When I finished the RD asked me if I saw my Physical Therapist. He was out hiking on the course and I must have just missed him. However, she tattled on me: “She’s running fast and winning!” OOPS- maybe I should have mentioned this adventure to him.
In the three weeks leading up to Mohican 100 all of my runs were done in long pants and multiple layers on top, either on the treadmill or outside (whichever environment was warmer) with NO water followed by up to an hour in the sauna. Then I waited an hour after the sauna to drink any substantial liquids. Not going to lie- this sucked. It was the worst. I also wore my heart rate monitor for most of these runs- I needed to make sure I could keep my heart rate in the proper zones and if it started to elevate, I practiced “zen”ing myself back to where it needed to be. I also got some weird looks on the treadmill- but I didn’t care- this really helped prepare me for the 95 degree heat and humidity at Mohican 100.

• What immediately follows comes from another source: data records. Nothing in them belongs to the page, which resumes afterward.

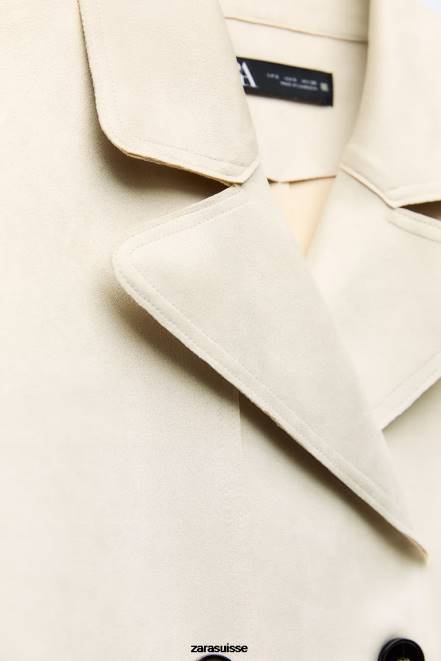 Zara vêtements P66V208 femmes gilet long en faux suède écru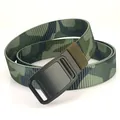 Tactical nylon belt with camouflage pattern and black automatic alloy buckle for outdoor sports - Army Green Camo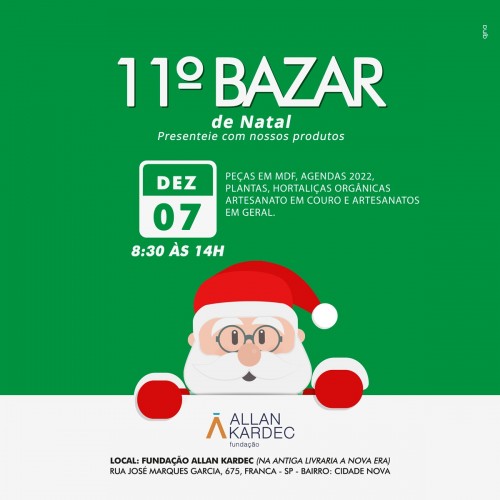 Bazar de Natal do Allan Kardec acontece no dia 7 com venda de artesanatos, plantas e hortaliças orgânicas
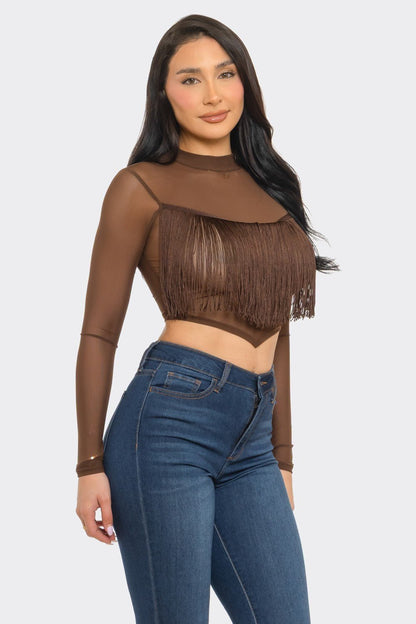 Fringe Crop Top - Polkadots & Moonbeams LAPolkadots & MoonbeamsBrownSFringe Crop Top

Book: Rising Strong- Brene Brown
Brene Brown is someone I admire and respect. Her work on shame and vulnerability is top notch. Injury is demoralizing and there was a lot that I had to deal with emotionally as well as physically this spring to be able to come to terms, accept, and rise strong. I’m fiercely independent (to a fault) and my current life motto is, “I’m stubborn as hell and I do what I want”. I’m thankful for the people in my life who where there for me (and didn’t judge) when I reached out for help and support- because Ive learned the hard way going it alone is never the better option.